[Data entries]
=====
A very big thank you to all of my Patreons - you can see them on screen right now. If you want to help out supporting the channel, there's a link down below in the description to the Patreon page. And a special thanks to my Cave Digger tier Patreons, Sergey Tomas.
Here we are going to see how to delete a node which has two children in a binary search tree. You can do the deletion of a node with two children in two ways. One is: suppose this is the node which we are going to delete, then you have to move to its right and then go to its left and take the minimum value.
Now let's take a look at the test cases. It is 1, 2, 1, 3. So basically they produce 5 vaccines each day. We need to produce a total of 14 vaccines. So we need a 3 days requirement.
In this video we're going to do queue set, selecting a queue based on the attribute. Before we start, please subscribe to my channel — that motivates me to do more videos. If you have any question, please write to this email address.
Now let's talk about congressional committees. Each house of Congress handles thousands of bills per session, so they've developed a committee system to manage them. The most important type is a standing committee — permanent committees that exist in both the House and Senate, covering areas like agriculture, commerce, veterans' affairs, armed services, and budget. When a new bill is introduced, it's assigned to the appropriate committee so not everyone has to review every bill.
=====
● About this task
Show, from the records above, every line that includes "going".

● Final answer
Here we are going to see how to delete a node which has two children in a binary search tree. You can do the deletion of a node with two children in two ways. One is: suppose this is the node which we are going to delete, then you have to move to its right and then go to its left and take the minimum value.
In this video we're going to do queue set, selecting a queue based on the attribute. Before we start, please subscribe to my channel — that motivates me to do more videos. If you have any question, please write to this email address.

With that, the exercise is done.